Dates: Approximately December 2020 or so (I was initially working on other related projects) to March 2021 full time on this project, then from April 2021 to March 2022 at 10% time.

This was work that I conducted while interning at Intel. Although I can’t link to any of the written code, I can provide some links to articles written by my awesome collaborators:

In a nut-shell, the name of the game is:

Given a query vector q ∈ ℜⁿ, distance function f, and comparison function lt, find the k nearest neighbors in some dataset D (whose elements, believe it or not, are also in ℜⁿ … usually) with respect to f and lt.

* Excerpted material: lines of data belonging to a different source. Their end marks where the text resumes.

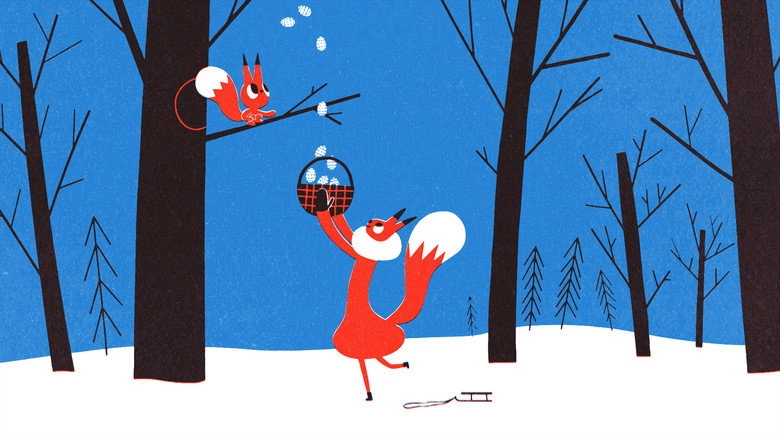 The Sled (2016)
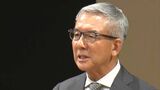 「全員が同じ熱量でゴールを共有することが一番重要」侍ジャパンのヘッドコーチを務めた白井一幸さんが講演【岡山】|TBS NEWS DIG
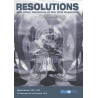 OMI - 31ème Session Assemblée 2019 (résolutions 1131 - 1147)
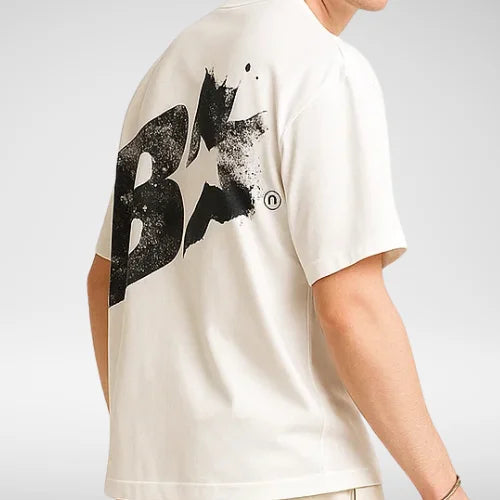 Camiseta Cypreste New Horizon Branca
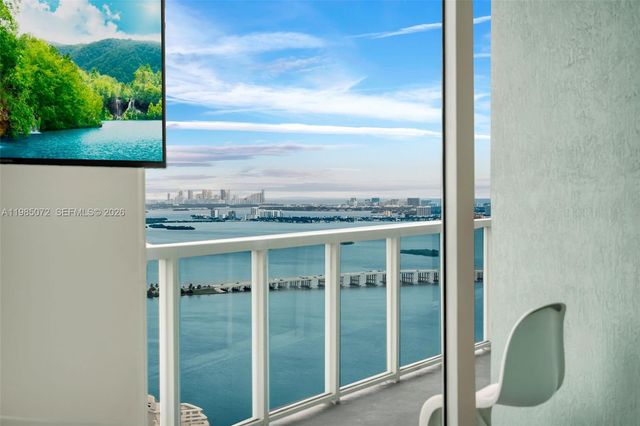 1900 N Bayshore Dr PH 5006, Miami, FL 33132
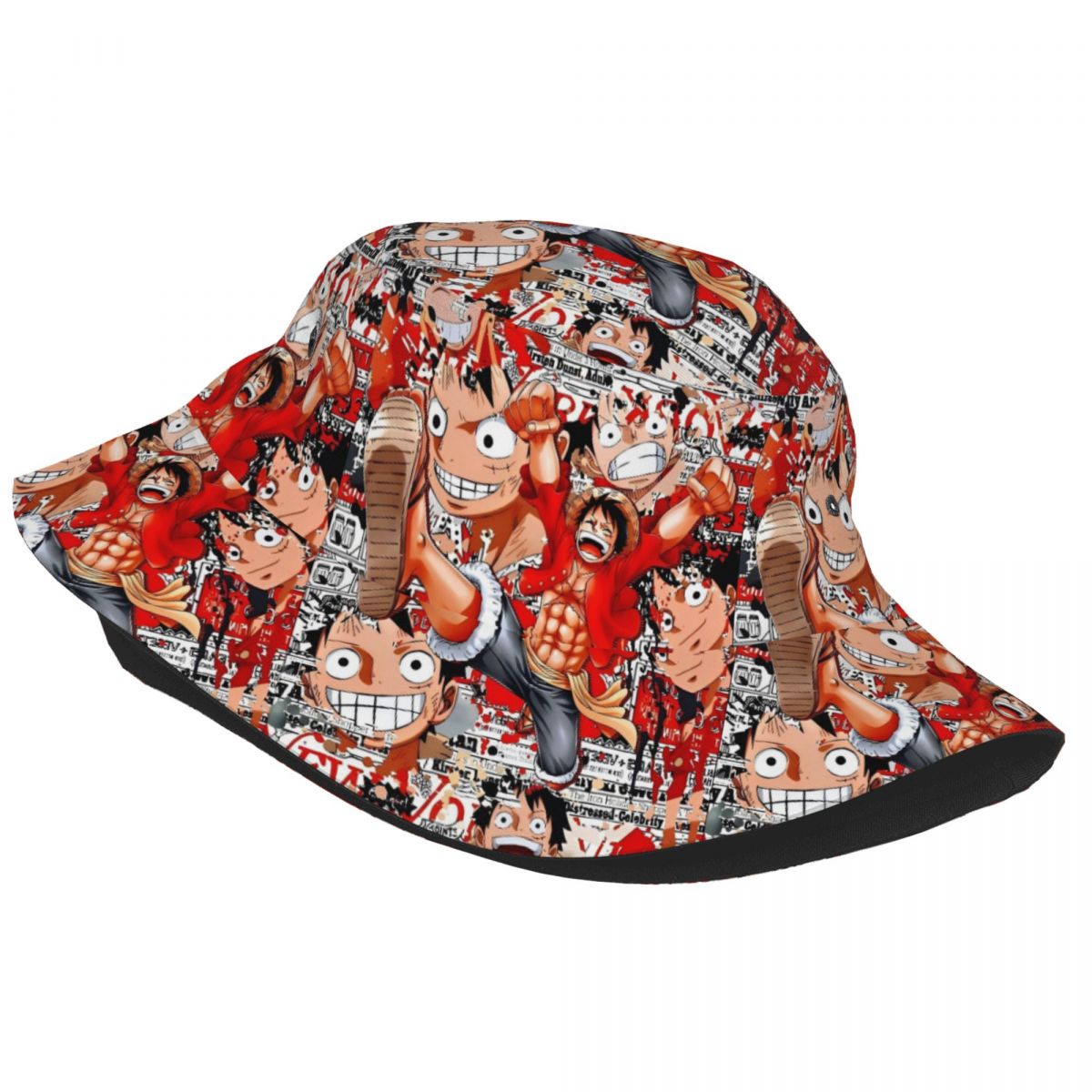 Cappello da Pescatore Anime On - Anime Merchandise Women recensione e prezzo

The approximate part comes from relaxing the restriction that the k nearest neighbors are the exact nearest neighbors. In other words, we’re willing to trade exactness for performance (to a point, we could always return k random neighbors for a really fast algorithm, but that wouldn’t be particularly useful).

Role: I was the primary developer behind this submission (writing code, debugging, performance optimization). Highlights of the library include:

Distance computation functions (e.g. Euclidean and Inner Product) optimized to use AVX instructions for both long vectors (think 100+ dimensional) and short vectors (like 4 dimensions like you would find for product quantization).
Flexible type promotion in distance function computation allowing for comparison between mixed types including Float16.
Well defined graph adjacency list API to allow for flexibility in the graph representation (helpful for storing the graph on Optane).
Dynamic multi-threaded load balancing of work for both querying and index construction.
NUMA aware data structures allowing for near-perfect scaling on multi-socket systems.

AutoTM

Dates: We first had the idea for this around February 2019. I was able to write the code and generate results for the submission in late August of 2019. After that, I spent a couple months cleaning up the code for artifact submission and working on some improvements for other research.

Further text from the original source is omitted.